Teradata R Package Function Reference - 16.20 - TextTagger - Teradata R Package

Teradata® R Package Function Reference

prodname
Teradata R Package
vrm_release
16.20
created_date
February 2020
category
Programming Reference
featnum
B700-4007-098K

Description

The TextTagging function tags text documents according to user-defined rules that use text-processing and logical operators.

Usage

  td_text_tagger_mle (
      data = NULL,
      rules.data = NULL,
      language = "en",
      rules = NULL,
      tokenize = FALSE,
      outputby.tag = FALSE,
      tag.delimiter = ",",
      accumulate = NULL,
      data.sequence.column = NULL,
      rules.data.sequence.column = NULL
  )

Arguments

data

Required Argument.
The input tbl_teradata object that contains the texts.

rules.data

Optional Argument.
The input tbl_teradata that contains the rules.

language

Optional Argument.
Specifies the language of the input text: "en": English (default), "zh_CN": Simple Chinese, "zh_TW": Traditional Chinese. If "tokenize"" specifies TRUE, then the function uses the value of Language to create the word tokenizer. Default Value: "en"
Permitted Values: en, zh_CN, zh_TW

rules

Optional Argument.
Specifies the tag names and tagging rules. Use this argument if and only if you do not specify a rules table in the rules.data argument.

tokenize

Optional Argument.
Specifies whether the function tokenizes the input text before evaluating the rules and tokenizes the text string parameter in the rule definition when parsing a rule. If you specify TRUE, then you must also specify the "language" argument.
Default Value: FALSE

outputby.tag

Optional Argument.
Specifies whether the function outputs a tuple when a text document matches multiple tags, which means that one tuple in the output stands for one document and the matched tags are listed in the output column tag.
Default Value: FALSE

tag.delimiter

Optional Argument.
Specifies the delimiter that separates multiple tags in the output column tag if outputby.tag has the value FALSE (the default).
If outputby.tag is set to TRUE, specifying this argument causes an error. Default Value: ","

accumulate

Optional Argument.
Specifies the names of text tbl_teradata columns to copy to the output table.
Note: Do not use the name "tag" for an accumulate argument value, because the function uses that name for the output table column that contains the tags.

data.sequence.column

Optional Argument.
Specifies the vector of column(s) that uniquely identifies each row of the input argument "data". The argument is used to ensure deterministic results for functions which produce results that vary from run to run.

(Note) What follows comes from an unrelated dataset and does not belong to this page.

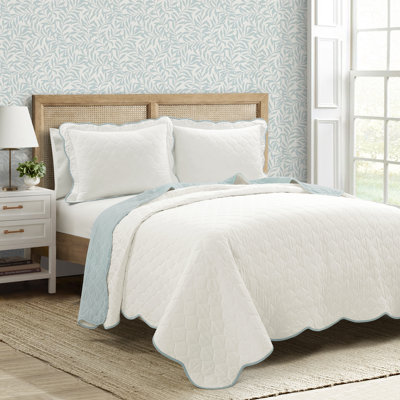 January Cotton Quilt Set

rules.data.sequence.column

Optional Argument.
Specifies the vector of column(s) that uniquely identifies each row of the input argument "rules.data". The argument is used to ensure deterministic results for functions which produce results that vary from run to run.

Value

Function returns an object of class "td_text_tagger_mle" which is a named list containing Teradata tbl object.
Named list member can be referenced directly with the "$" operator using name: result.

Examples

    # Get the current context/connection
    con <- td_get_context()$connection
    
    # Load example data.
    loadExampleData("texttagger_example", "text_inputs", "rule_inputs")
    
    # Create remote tibble objects.
    text_inputs <- tbl(con, "text_inputs")
    rule_inputs <- tbl(con, "rule_inputs")
    
    # Example 1 - Specifying rules as an argument
    td_text_tagger_out1 <- td_text_tagger_mle(data = text_inputs,
                                         outputby.tag = TRUE,
                                         rules=c('contain(content, "floods",1,) or contain(content,"tsunamis",1,) AS Natural-Disaster',
                                         'contain(content,"Roger",1,) and contain(content,"Nadal",1,) AS Tennis-Rivalry',
                                         'contain(titles,"Tennis",1,) and contain(content,"Roger",1,)  AS Tennis-Greats',
                                         'contain(content,"India",1,) and contain(content,"Pakistan",1,) AS Cricket-Rivalry',
                                         'contain(content,"Australia",1,) and contain(content,"England",1,) AS The-Ashes'),
                                         accumulate = c("id")
                                         )
    
    # Example 2 -  Using rules specified in a table
    td_text_tagger_out2 <- td_text_tagger_mle(data = text_inputs,
                                         rules.data = rule_inputs,
                                         accumulate = c("id")
                                         )
    
    # Example 3 - Specify dictionary file in rules argument
    td_text_tagger_out3 <- td_text_tagger_mle(data = text_inputs,
                                        rules=c('dict(content, "keywords.txt", 1,) and equal(titles, "Chennai Floods") AS Natural-Disaster',
                                        'dict(content, "keywords.txt", 2,) and equal(catalog, "sports") AS Great-Sports-Rivalry '),
                                         accumulate = c("id")
                                         )
                                         
    # Example 4 - Specify superdist in rules argument
    td_text_tagger_out4 <- td_text_tagger_mle(data = text_inputs,
                                        rules=c('superdist(content,"Chennai","floods",sent,,) AS Chennai-Flood-Disaster',
                                        'superdist(content,"Roger","titles",para, "Nadal",para) AS Roger-Champion',
                                        'superdist(content,"Roger","Nadal",para,,) AS Tennis-Rivalry',
                                        'contain(content,regex"[A|a]shes",2,) AS Aus-Eng-Cricket',
                                        'superdist(content,"Australia","won",nw5,,) AS Aus-victory'),
                                         accumulate = c("id")
                                         )